ContentBasedAlgorithm.py(基于电影推荐电影的算法)
ContentBasedAlgorithm.py(基于电影推荐电影的算法)
这个模块是基于内容计算相似度的模块,内容分为计算类型的相似度,计算年份的相似度,评估分数,得到推荐电影。
init函数
初始化,k是指knn中的k值,默认值是40
def __init__(self,k=40,sim_option={}):
AlgoBase.__init__(self)
self.k=k
similarityBasedOnGenre函数
计算类别的相似度,计算电影类别与电影类别之间的相似度
注:本次数据集有18个genres
相似指标使用𝐶𝑜𝑠𝑆𝑖𝑚(𝑥, 𝑦)计算
例子:
def similarityBasedOnGenre(self,movie1,movie2,genres):
genres1 = genres[movie1]
genres2 = genres[movie2]
sumxx, sumxy,sumyy = 0,0,0
for i in range(len(genres1)):
x = genres1[i]
y = genres2[i]
sumxx += x * x
sumyy += y * y
sumxy += x * y
genreSim = sumxy/math.sqrt(sumxx*sumyy)
return genreSim
similarityBasedOnYear函数
计算电影年份与电影年份之间的相似度
计算函数为f(x)=e ^(-|x-y|/5)
def similarityBasedOnYear(self,movie1,movie2,years):
diff = abs(years[movie1] - years[movie2])
sim = math.exp(-diff / 5.0)
return sim
fit函数
每个派生类都将此方法称为训练算法的第一步。参数为train_set(训练集),返回值为self。
这个派生类中则是将数据集的类别和年份的相似度计算出来,返回到self.similarities之中。
注:self.similarities为一开始为空矩阵,后面为对角矩阵。
def fit(self,trainset):
AlgoBase.fit(self, trainset)
ml = MovieLens()
genres = ml.getGenres()
years = ml.getYears()
print("Computing content-based similarity matrix")
# Compute genre distance for every movie combination as a 2x2 matrix
# create a matrix with all zeros and size of all entries in the dataset
self.similarities = np.zeros((self.trainset.n_items,self.trainset.n_items))
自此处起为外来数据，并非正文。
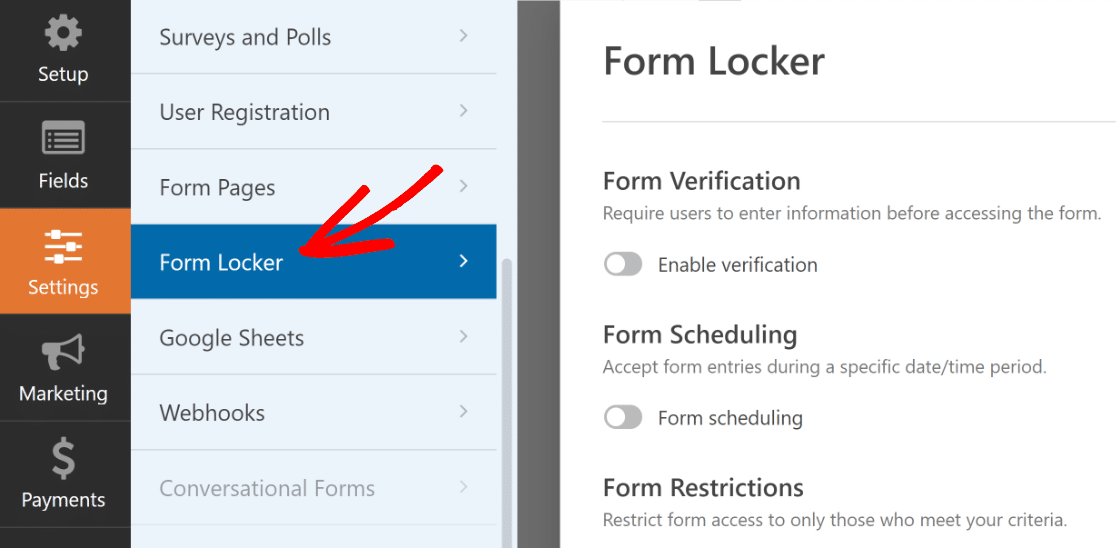 Form locker settings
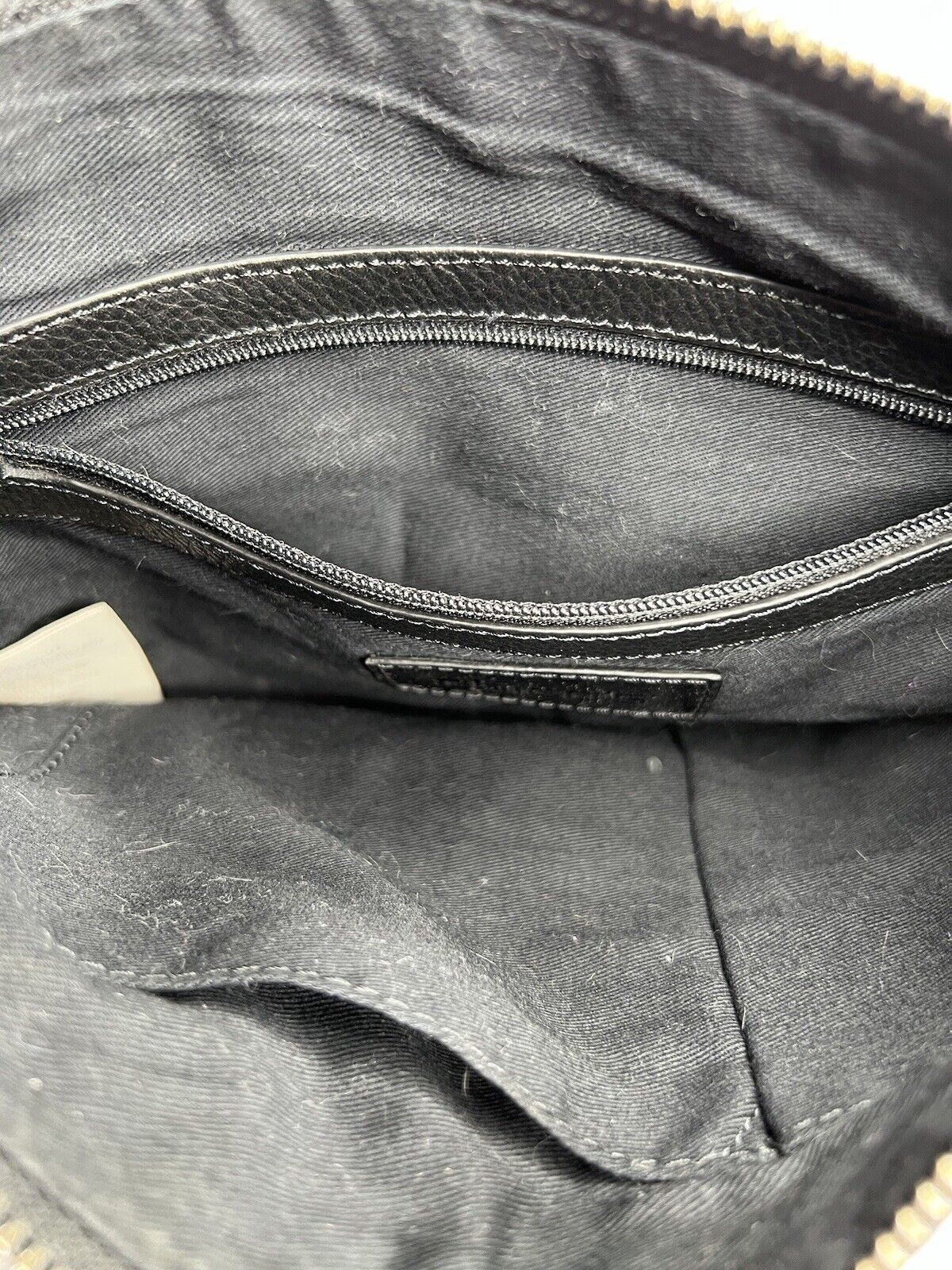 Chico’s Black Leather Clutch Leather Rose Beaded 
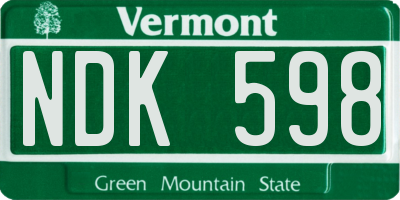 VT license plate NDK598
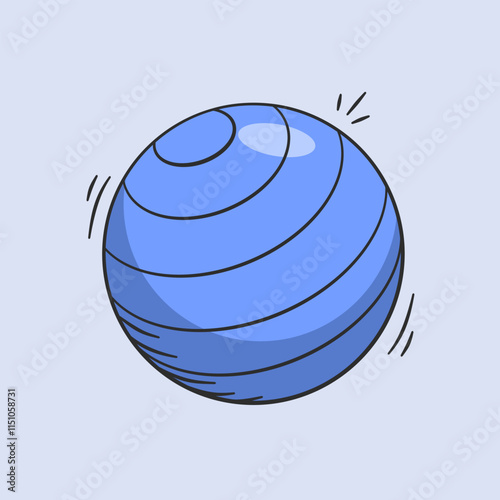 Gym equipment hand drawn illustration. Fitness ball vector icon doodle. Workout fitball device outline style design.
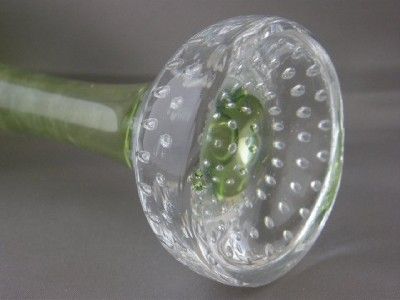 1960s ASEDA Glasbruk Sweden Green Bone Vase Jack in the Pulpit Art 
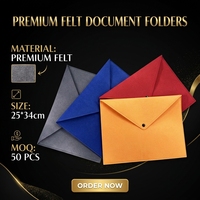 Porte-documents en feutre personnalisé, imperméable, format A4, organiseur de fichiers, faible MOQ, rangement de bureau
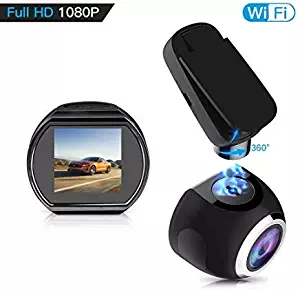 Car Dash Cam WiFi FHD 1080P Car Dash Camera Mini 360 Degree Rotate Angle Dashboard Camera DVR Recorder with G-Sensor, Night Vision, Motion Detection, WDR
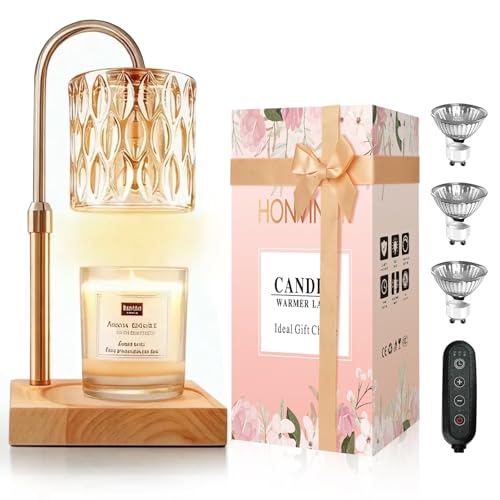 Honvinor Candle Warmer Lamp, Candle Warmer Light with Timer & Dimmer, Candle Warmer Lamp Adjustable Height, Compatible wit...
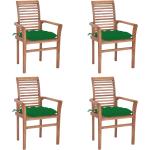Zielone Krzesła ogrodowe sztaplowane gładkie - 4 sztuki tekowe marki vidaxl 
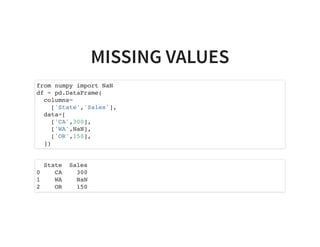 MISSING VALUES
from numpy import NaN
df = pd.DataFrame(
columns=
['State','Sales'],
data=[
['CA',300],
['WA',NaN],
['OR',150],
])
State Sales
0 CA 300
1 WA NaN
2 OR 150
for this_rating in range(self.trainset.n_items):
if (this_rating % 1000 == 0):
print(this_rating, " of ", self.trainset.n_items)
for next_rating in range(this_rating+1,self.trainset.n_items):
this_movieId = int(self.trainset.to_raw_iid(this_rating))
other_movieId = int(self.trainset.to_raw_iid(next_rating))
genreSimilarity = self.similarityBasedOnGenre(this_movieId, other_movieId, genres)
yearSimilarity = self.similarityBasedOnYear(this_movieId, other_movieId, years)
self.similarities[this_rating, next_rating] = genreSimilarity * yearSimilarity
self.similarities[next_rating, this_rating] = self.similarities[this_rating, next_rating]
return self
estimate函数
在此电影与用户评价的所有电影之间建立相似度评分,接着提取前K个最相似的评分(默认为40),最后计算按用户评分加权的K个邻居的平均得分
def estimate(self, u, i):
if not (self.trainset.knows_user(u) and self.trainset.knows_item(i)):
raise PredictionImpossible('User and/or item is unkown.')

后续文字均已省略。